Posts filed under 'Uncategorized'
Increased Time and Cost of mining PubMed everyday
Researchers are benefited to the maximal when accurate content from Biomedical Literature is delivered on a real time basis. We estimated the amount of time, effort & cost that is involved in mining PubMed for the relevant Biomedical facts every single day.
We performed a search on PubMed for Breast Neoplasm over different time spans:
We then estimated the time that is required by a normal human annotator to pick & categorize the relevant sentences from each of these abstracts and annotate the sentences for Protein, Diseases, Drugs or Biological Processes.
We found to annotate 30 days of data on breast neoplasm it would take at least 1man day (taking into account from our past estimates that it would at least take 10 min to annotate one abstract).
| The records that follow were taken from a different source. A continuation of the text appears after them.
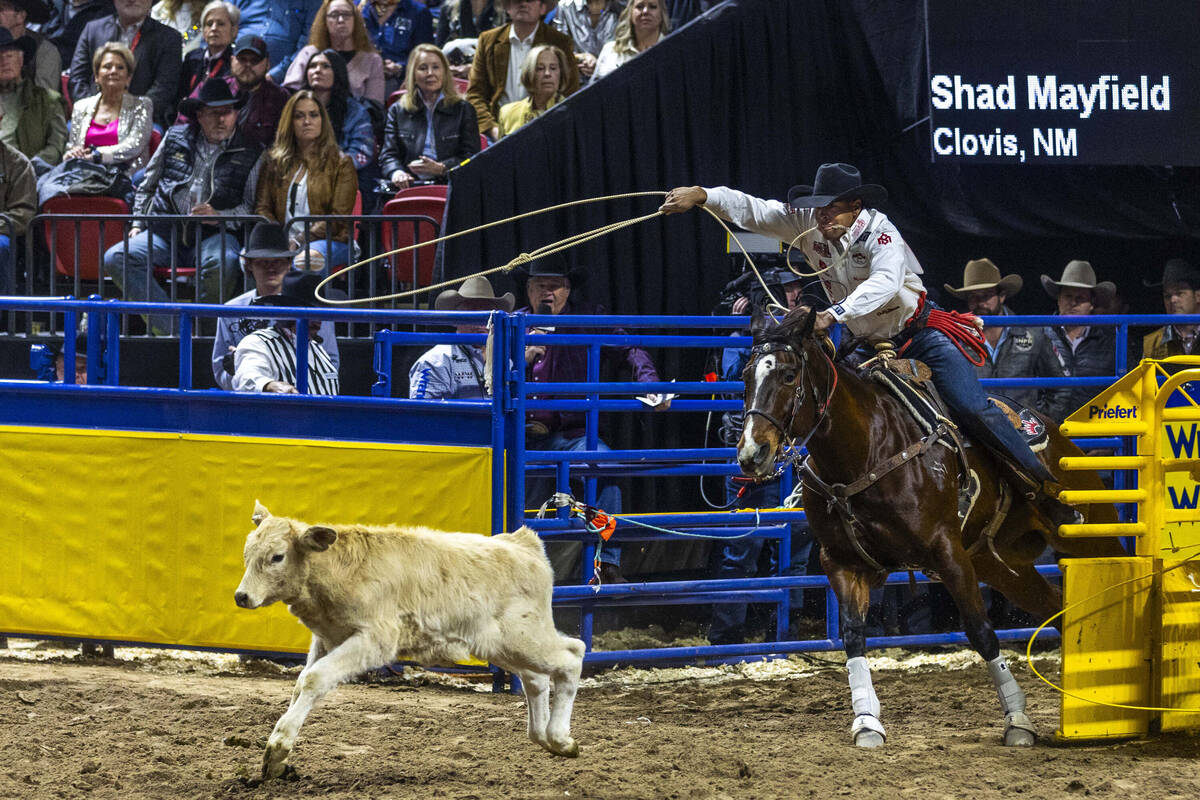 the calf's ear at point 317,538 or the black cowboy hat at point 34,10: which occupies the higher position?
the black cowboy hat at point 34,10

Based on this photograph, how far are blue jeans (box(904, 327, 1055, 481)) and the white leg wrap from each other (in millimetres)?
1122

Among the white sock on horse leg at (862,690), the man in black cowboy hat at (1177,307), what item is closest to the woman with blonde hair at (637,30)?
the man in black cowboy hat at (1177,307)

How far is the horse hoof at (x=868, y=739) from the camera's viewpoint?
20.1 ft

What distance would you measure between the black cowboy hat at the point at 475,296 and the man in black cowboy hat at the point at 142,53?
4152 mm

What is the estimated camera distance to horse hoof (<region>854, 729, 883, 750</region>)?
612 cm

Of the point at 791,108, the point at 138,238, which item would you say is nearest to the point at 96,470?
the point at 138,238

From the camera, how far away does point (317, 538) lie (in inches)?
205

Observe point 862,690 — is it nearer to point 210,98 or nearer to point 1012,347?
point 1012,347

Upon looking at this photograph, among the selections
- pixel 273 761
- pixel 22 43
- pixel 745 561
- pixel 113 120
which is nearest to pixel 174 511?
pixel 273 761

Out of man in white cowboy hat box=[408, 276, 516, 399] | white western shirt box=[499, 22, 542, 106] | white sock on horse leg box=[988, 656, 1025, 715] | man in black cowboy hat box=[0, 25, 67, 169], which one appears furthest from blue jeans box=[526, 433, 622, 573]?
man in black cowboy hat box=[0, 25, 67, 169]

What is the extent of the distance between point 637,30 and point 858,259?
4.68 meters

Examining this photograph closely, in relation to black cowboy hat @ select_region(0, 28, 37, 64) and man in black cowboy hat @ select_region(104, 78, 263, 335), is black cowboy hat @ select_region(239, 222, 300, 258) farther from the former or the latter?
black cowboy hat @ select_region(0, 28, 37, 64)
So extrapolating the amount of time required to annotate data on a single Search “ Breast Neoplasm” for 3 months or 90 days happens to be 11 man-days of effort and considerable cost.
The same would imply if you were to read and analyze the facts yourself.
So in order to annotate 50000 abstracts (it would amount to 50000 abstracts x 10 mins) = 500000 mins or 1041 man-days or ~ 3 years to annotate 1 month of literature findings from PubMed.
Solution:
The major bottleneck with manual curation as demonstrated above involves considerable time and cost. So in XTractor we have reduced the time involved in the manual annotation effort- by significantly cutting down the process steps to boost our internal productivity and turnaround time. So that in almost real-time basis we are able to serve you with the latest manually annotated scientific facts every single day.
ROI:
At XTractor we do manual annotation of more than 700 abstracts everyday that too at < $1 per day.
XTractor delivers you the handpicked, manually annotated facts within 10 days from the date of publication from PubMed.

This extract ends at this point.